Hin und wieder bin ich im Netz auch mal auf Seiten unterwegs, die ich sonst schon deshalb nicht anschaue, weil (nicht nur) Papier geduldig ist und jeder eigentlich alles Mögliche (mehr oder weniger Sinnvolle) dort schreiben kann. Zuweilen bricht aber wohl eine gewisse masochistische Ader in mir durch, und ich tue mir ein solches Elaborat an. Und so kommt es wie es kommen muss …
…da bezeichnet sich jemand als ‚Multitalent und Lebenskünstler‘. Aha! Das soll wohl ausdrücken, dass sich dieser Mensch gegenüber anderen Menschen (andernfalls müsste man es ja nicht extra hervorheben) als besonders talentiert empfindet und glaubt, außerordentlich einfallsreich das Leben zu meistern. Und offenbar glaubt dieser Mensch, dies herausstreichen zu müssen, damit es auch ja jeder erkennt.

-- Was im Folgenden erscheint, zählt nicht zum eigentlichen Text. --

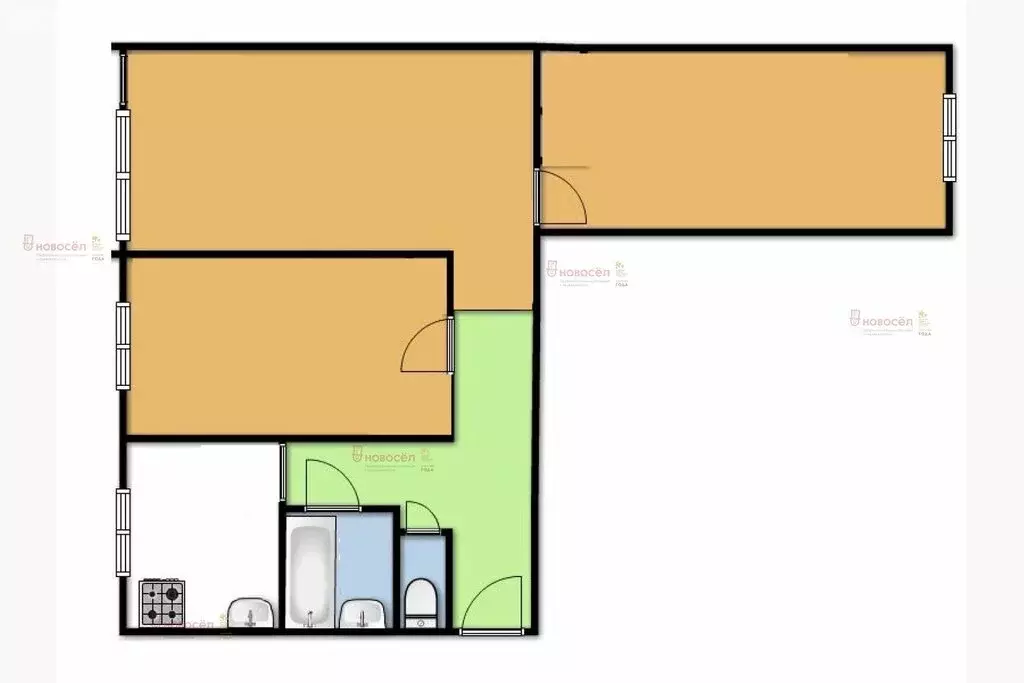 3-комнатная квартира: Первоуральск, Юбилейная улица, 6 (59 м) - Фото 1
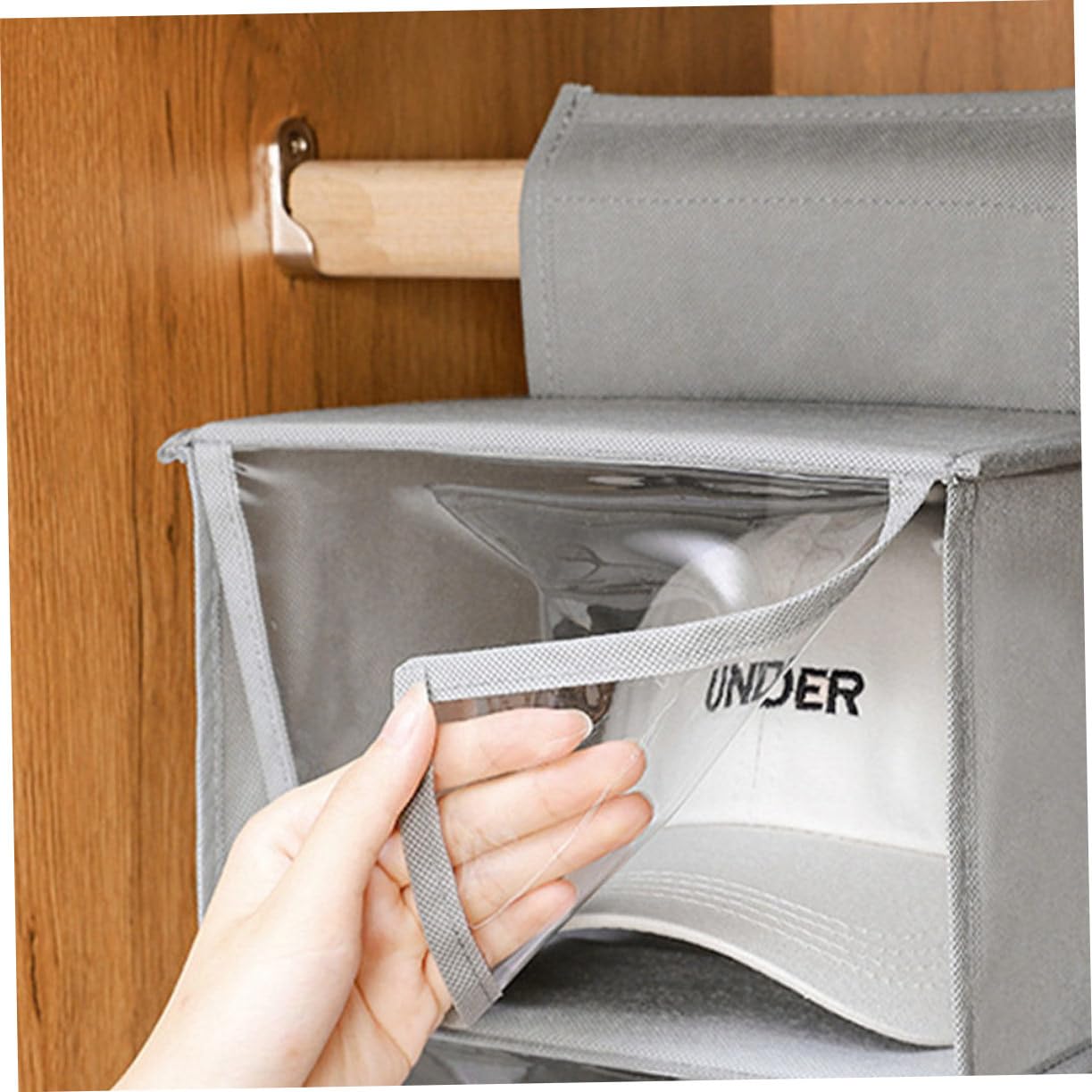 ABOOFAN 1 Borsa Organizer in Tessuto Non Tessuto Da Appendere A 10 Strati Per Riporre Gli Grigia Per Dormitori E Spazi Limitati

Offenbar ist das dem Uneingeweihten nicht ersichtlich … oder kann von diesem ohne den ausdrücklichen Hinweis nicht ausreichend gewürdigt werden.

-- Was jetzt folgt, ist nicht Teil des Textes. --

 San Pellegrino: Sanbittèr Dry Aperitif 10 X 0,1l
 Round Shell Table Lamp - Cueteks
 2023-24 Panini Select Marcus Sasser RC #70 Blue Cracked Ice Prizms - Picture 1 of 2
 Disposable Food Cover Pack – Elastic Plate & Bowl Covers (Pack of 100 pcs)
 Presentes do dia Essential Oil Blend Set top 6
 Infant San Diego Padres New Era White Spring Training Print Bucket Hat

„Talent“ und „Lebenskunst“ sind hier aber nicht wirklich definiert – und demnach „Allzweckbegriffe“ ohne tiefere Bedeutung …
Jeder von uns ist im Leben mit vielen Herausforderungen konfrontiert. Es benötigt eine ganze Reihe von Fertigkeiten, diese Aufgaben zu meistern. Den Meisten gelingt dies recht gut – sie ‚kommen zurecht‘. Eine Menge Menschen haben also viele (=multi) Fähigkeiten (=Talente) und sie können diese im Leben fantasiereich (=kunstvoll) einsetzen, um im Alltag zu bestehen. Insofern sind die meisten Menschen solche ‚Tausendsassas‘, auch wenn sie dies nicht an die große Glocke hängen.
Ein Hoch auf die Menschen, die froh und einfallsreich ihr Leben meistern, und die nicht ständig zur Selbstbeweihräucherung greifen müssen, um auf sich aufmerksam zu machen: Menschen, die nicht mit leeren Worthülsen herumposaunen „seht mich an“!
Heute gibt es kein Bild, denn im Beitrag zuvor ist bereits das Bild eines außerordentlich lebenstüchtigen und vielseitig begabten Wesens, das es offenbar nicht nötig hat, dies lauthals kundzutun …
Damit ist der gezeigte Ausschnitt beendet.